• [DATASET EXTRACT]
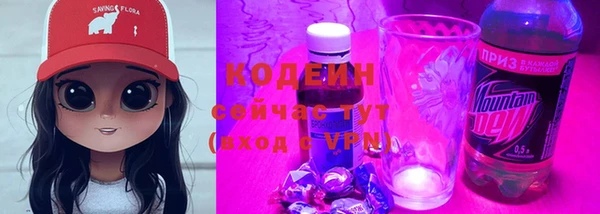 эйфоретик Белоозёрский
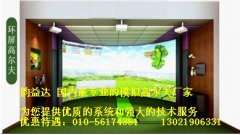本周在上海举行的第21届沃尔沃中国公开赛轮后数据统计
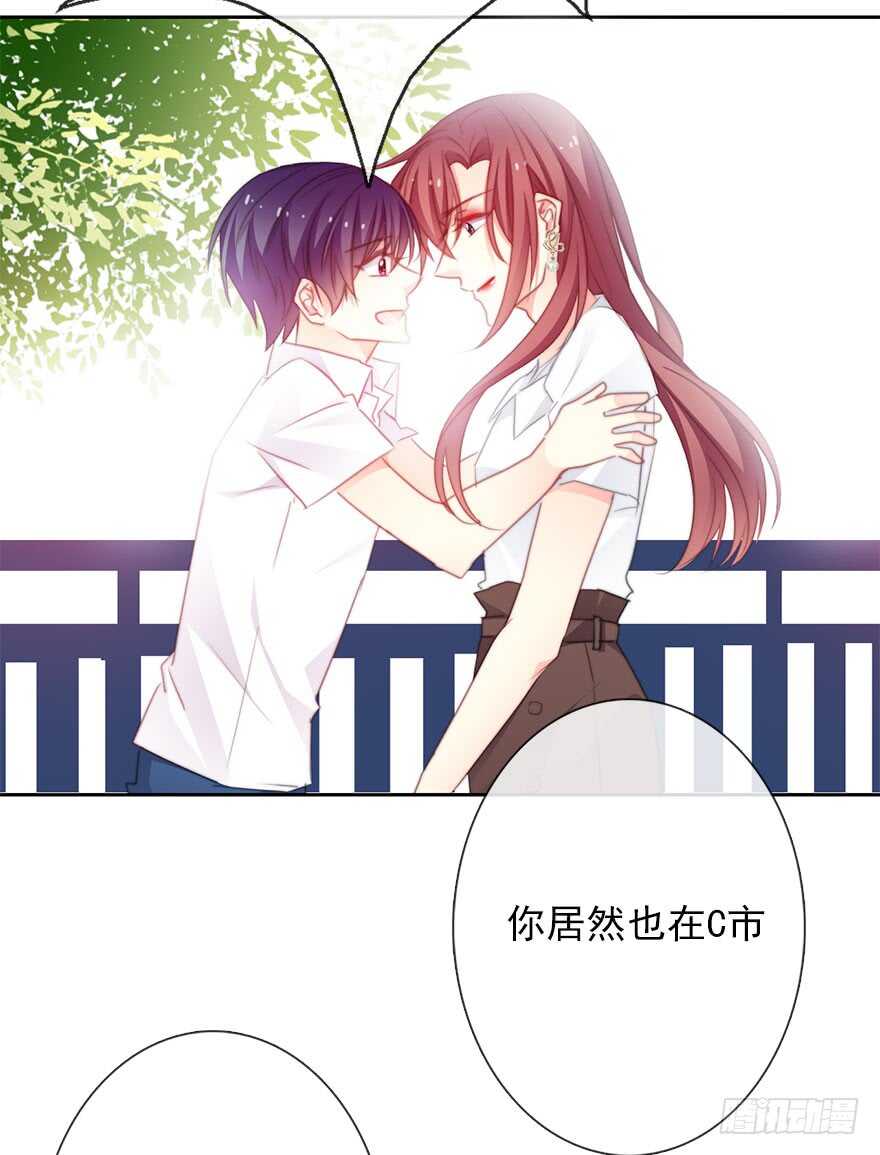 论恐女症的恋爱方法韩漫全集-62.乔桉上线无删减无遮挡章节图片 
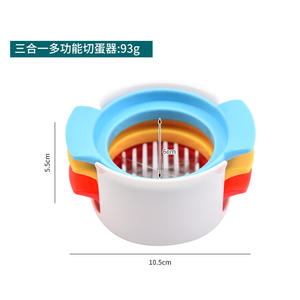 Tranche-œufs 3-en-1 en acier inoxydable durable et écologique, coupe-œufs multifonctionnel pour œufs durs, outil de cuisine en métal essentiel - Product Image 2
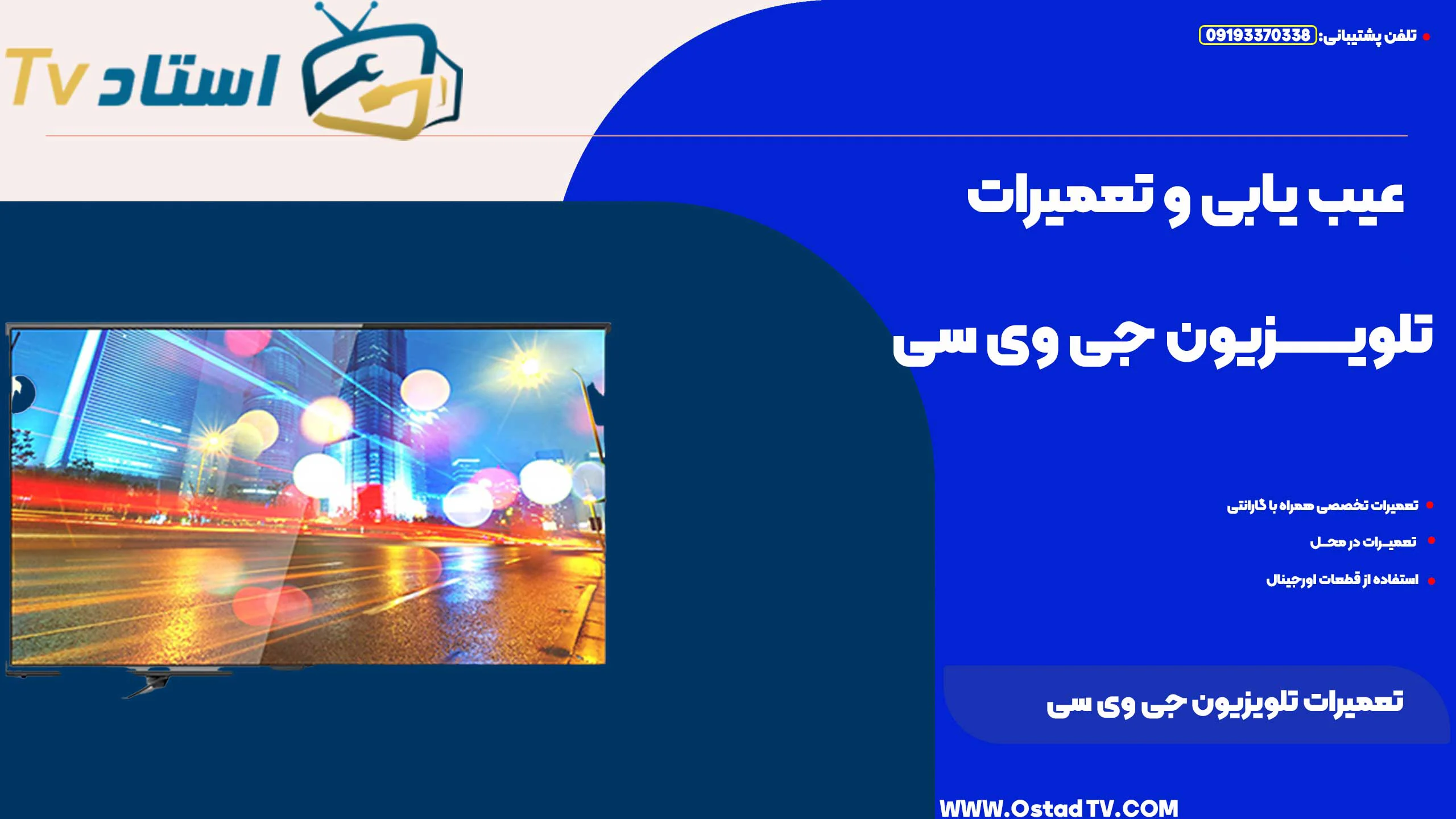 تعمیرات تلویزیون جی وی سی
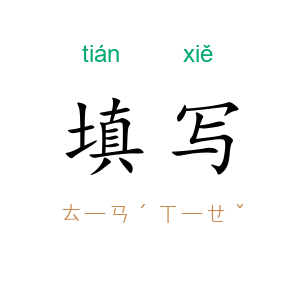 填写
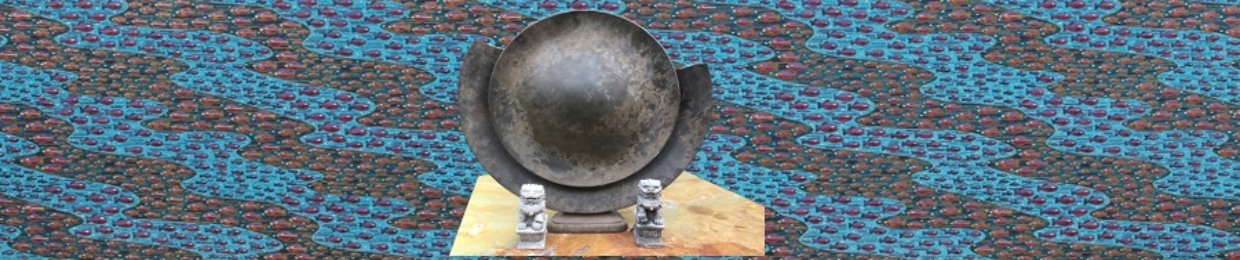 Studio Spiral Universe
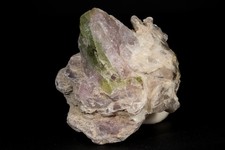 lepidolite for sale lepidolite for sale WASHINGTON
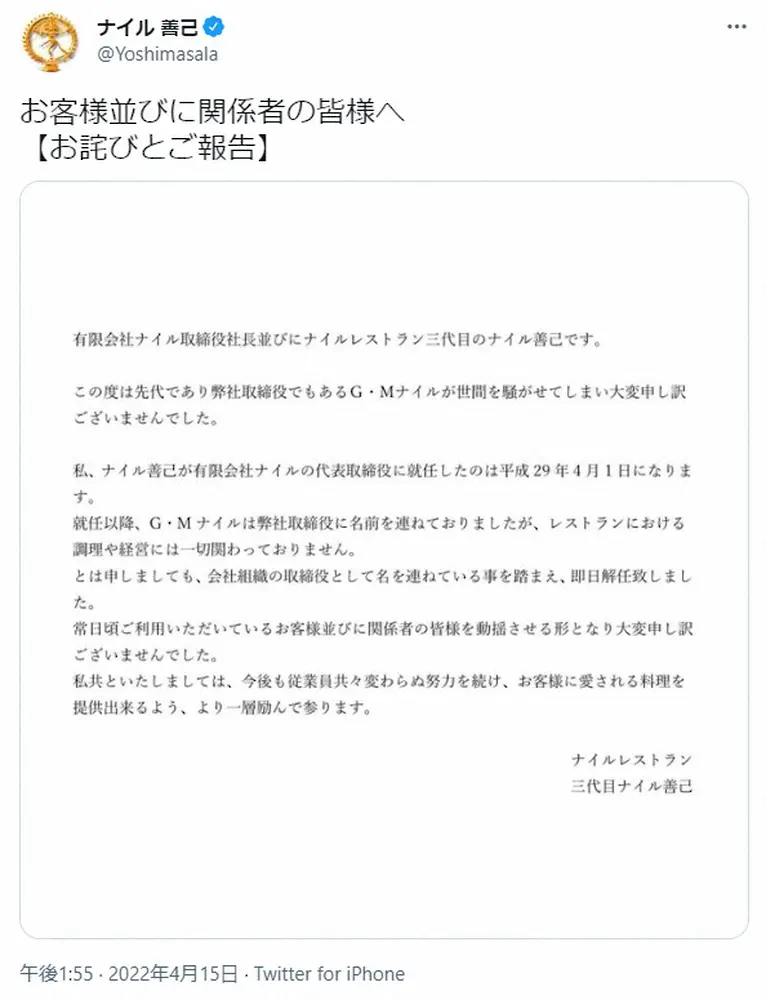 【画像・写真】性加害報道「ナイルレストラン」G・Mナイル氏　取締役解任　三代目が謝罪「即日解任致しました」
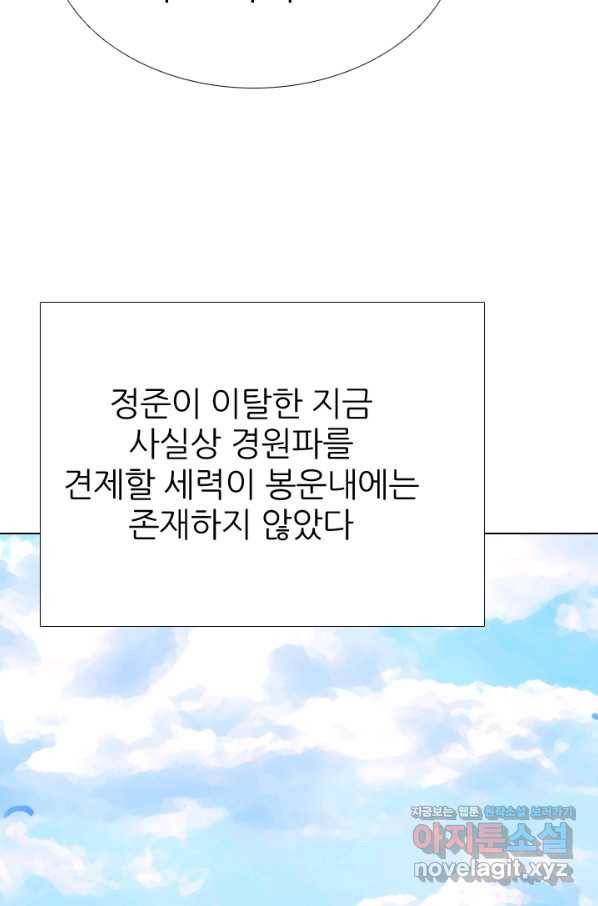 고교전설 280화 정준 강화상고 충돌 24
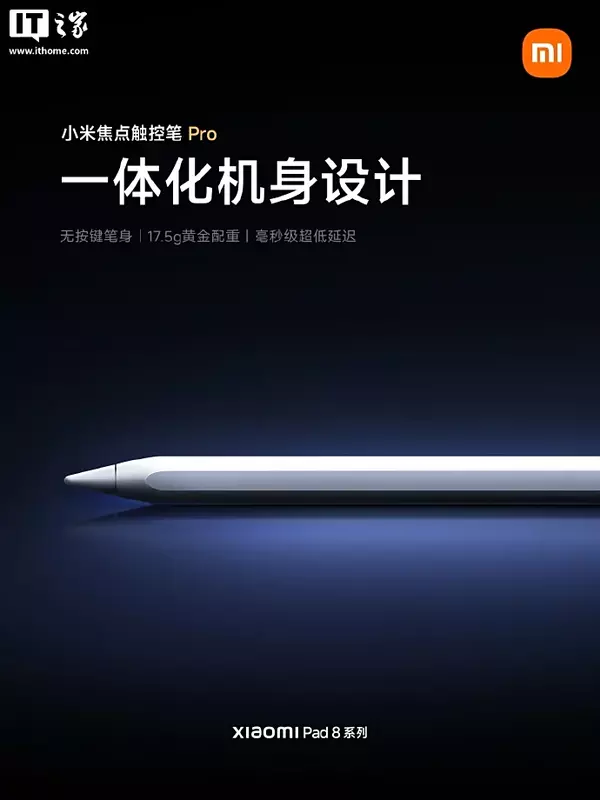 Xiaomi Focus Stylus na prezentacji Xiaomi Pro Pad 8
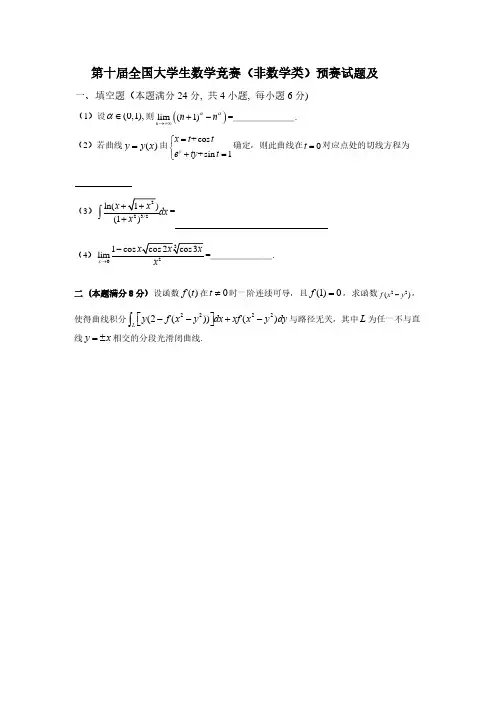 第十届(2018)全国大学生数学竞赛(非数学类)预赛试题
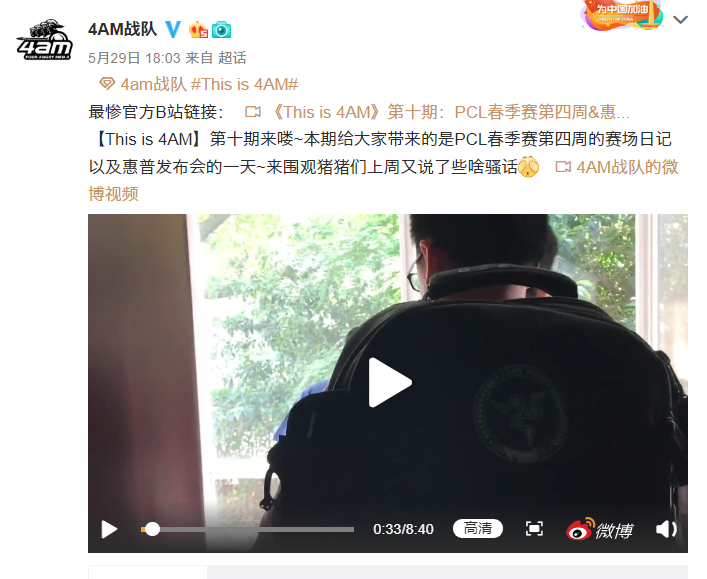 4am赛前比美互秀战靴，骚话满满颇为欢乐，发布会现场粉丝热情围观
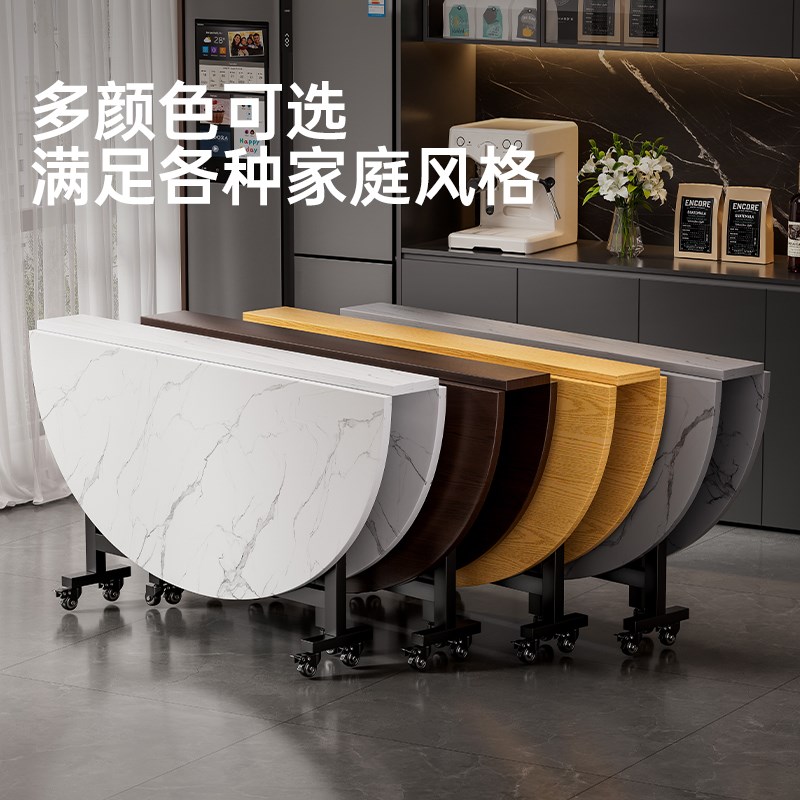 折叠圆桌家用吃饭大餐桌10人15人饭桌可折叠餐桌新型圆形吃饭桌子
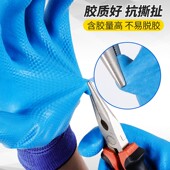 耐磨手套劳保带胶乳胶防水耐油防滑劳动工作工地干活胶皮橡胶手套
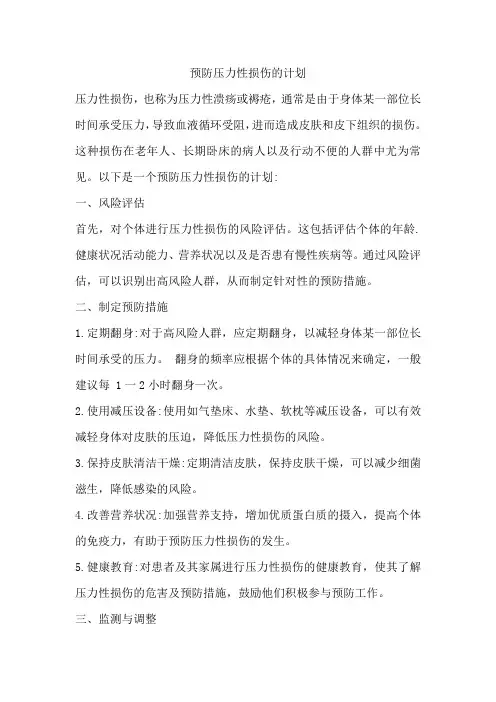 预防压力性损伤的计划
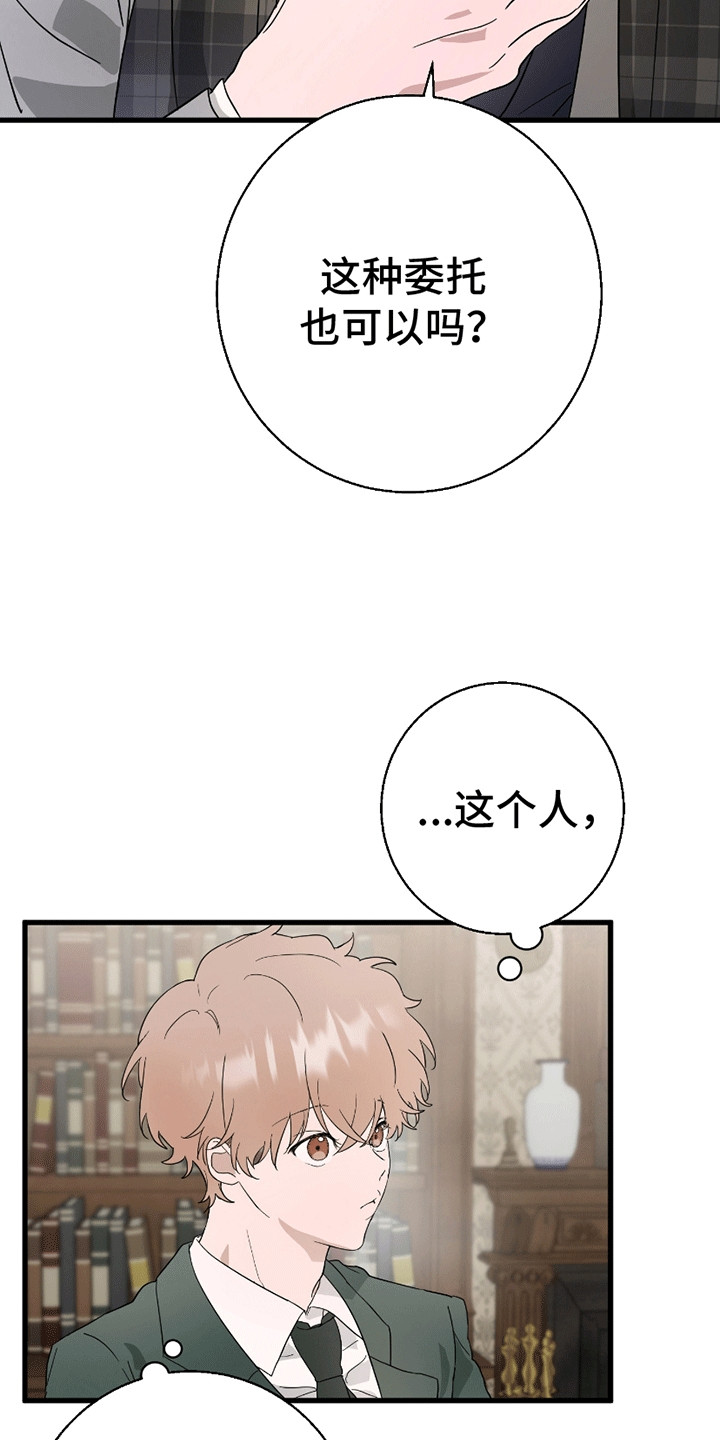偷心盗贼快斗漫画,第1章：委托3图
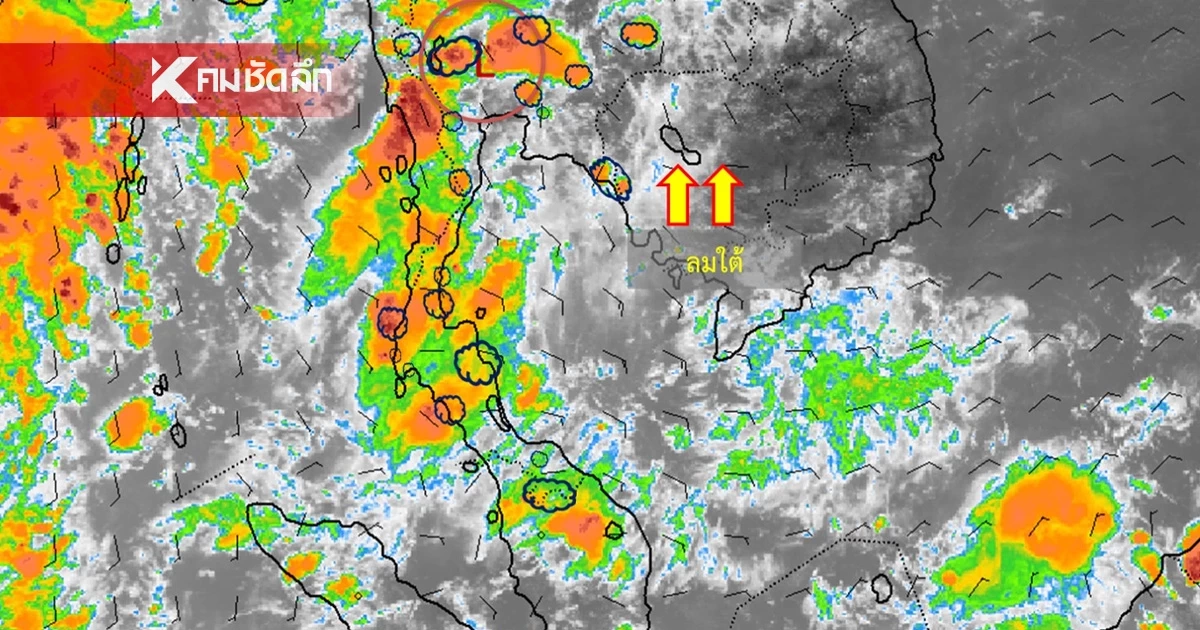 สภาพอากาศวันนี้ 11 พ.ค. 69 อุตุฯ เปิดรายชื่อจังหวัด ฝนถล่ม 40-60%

• [ABOUT THIS TASK]
Pictures are not part of the copy. Reproduce the lines from the one with "第十届(2018)全国大学生数学竞赛(非数学类)预赛试题" through the end of the listing above.

• [EXPECTED OUTPUT]
 第十届(2018)全国大学生数学竞赛(非数学类)预赛试题
 4am赛前比美互秀战靴，骚话满满颇为欢乐，发布会现场粉丝热情围观
 折叠圆桌家用吃饭大餐桌10人15人饭桌可折叠餐桌新型圆形吃饭桌子
 耐磨手套劳保带胶乳胶防水耐油防滑劳动工作工地干活胶皮橡胶手套
 预防压力性损伤的计划
偷心盗贼快斗漫画,第1章：委托3图
 สภาพอากาศวันนี้ 11 พ.ค. 69 อุตุฯ เปิดรายชื่อจังหวัด ฝนถล่ม 40-60%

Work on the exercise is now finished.